There are two case series on this rare entity. The larger series (37 cases in 17 patients) in the literature is published by Munro et al (1973)2. Peters et al published another series in 2015, featuring 13 cases in 9 patients3.
Symptoms:
- 32% presented with vomiting, 10% with abdominal pain, 9% with thirst (Munro et al)
- Mean duration of symptoms <2 days (range 6 hours – 8 days, Munro et al)
- 8/37 cases had concomitant infections (Munro et al)
- Many cases had a history of carbohydrate restriction (eg missed school lunch, poor appetite, dental pain, Munro et al)
Epidemiology:
- 17/17 patients were young, range 10-28 years (Munro et al)
- 11/17 patients were female (Munro et al)
- 5/17 patients experienced recurrence during the study period (Munro et al)
- 16/17 patients were insulin-dependent diabetics (Munro et al)
- 1/17 patient was an undiagnosed diabetic! (Munro et al)
- 7/9 patients had type 1 diabetes, 2/9 with type 2 (Peters et al)
- 9/9 patients were on SGLT-2 inhibitors (Peters et al) – as SGLT-2 is being prescribed more since being released in 2013, we may see more EuDKAs!
- 37/37 cases survived to discharge (Munro et al)
Risk factors:
- SGLT-2 Inhibitors - Ipragliflozin, Dapagliflozin, Luseogliflozin, Tofogliflozin, Canagliflozin, Empagliflozin. Not sure which are approved in Singapore. Our patient is on Empagliflozin.
- Carbohydrate restriction – ketogenic diet, poor appetite
- Increased insulin dosage
- Alcohol abuse
Treatment4–6 (expert opinion level of evidence only)
IV fluids with balanced crystalloids (with 5% dextrose) – You add dextrose to drip sooner than you would in DKA
- IV insulin (to close the anion gap and reverse the metabolic acidosis)
- Watch potassium while on insulin
- Treat any underlying precipitants eg infections.
- Correct predisposing factors: review diet, anti-diabetic meds
Our patient was started on IV insulin 0.5 unit/h, with a dextrose/saline drip. He was given regular anti-emetics. His ketones was on a decreasing trend, and metabolic acidosis resolved. He was taken off his empagliflozin on discharge and converted to subcutaneous insulin injections with metformin.
Clinical take home point?
Suspect EuDKA in patients with risk factors and clinical suspicion. The importance of history taking to uncover a patient’s pre-existing medication list cannot be over-emphasized. Check a urine or serum ketone, especially if a HAGMA is seen.
References
1. Ireland JT, Thomson WS. Euglycemic diabetic ketoacidosis. Br Med J. 1973;3(5871):107.

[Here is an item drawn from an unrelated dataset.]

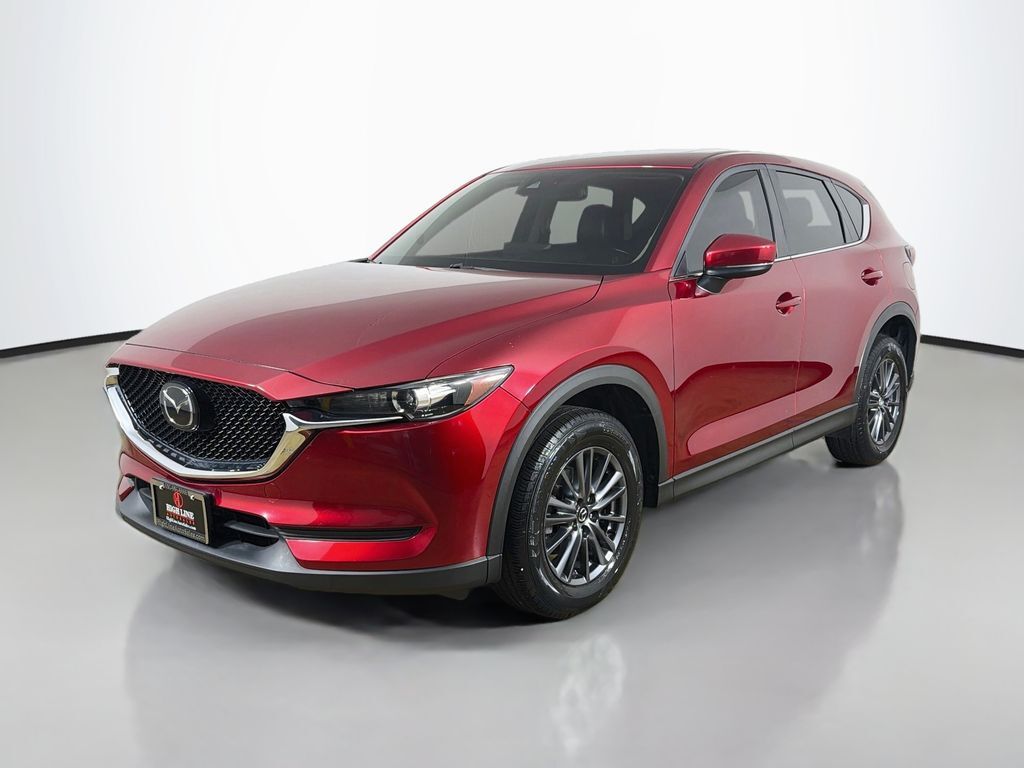 2021 MAZDA CX-5 Touring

2. Munro JF, Campbell IW, McCuish AC, et al. Euglycaemic diabetic ketoacidosis. Br Med J. 1973;2(5866):578-580.
3. Peters AL, Buschur EO, Buse JB, et al. Euglycemic diabetic ketoacidosis: A potential complication of treatment with sodium-glucose cotransporter 2 inhibition. Diabetes Care. 2015;38(9):1687-1693. doi:10.2337/dc15-0843.
4. Rezaie S. Euglycemic DKA: It’s not a Myth. http://rebelem.com/euglycemic-dka-not-myth/. Published 2016. Accessed June 28, 2017.
5. KAILASH P. Euglycemic DKA Secondary to SGLT2 inhibitors. http://www.emdocs.net/euglycemic-dka-secondary-sglt2-inhibitors/. Published 2017. Accessed June 28, 2017.
6. Cocchio C. Euglycemic DKA from SGLT2 Inhibitors: Don’t Worry, I Can’t Pronounce Them Either. http://empharmd.blogspot.sg/2016/05/euglycemic-dka-from-sglt2-inhibitors.html. Published 2016. Accessed June 28, 2017.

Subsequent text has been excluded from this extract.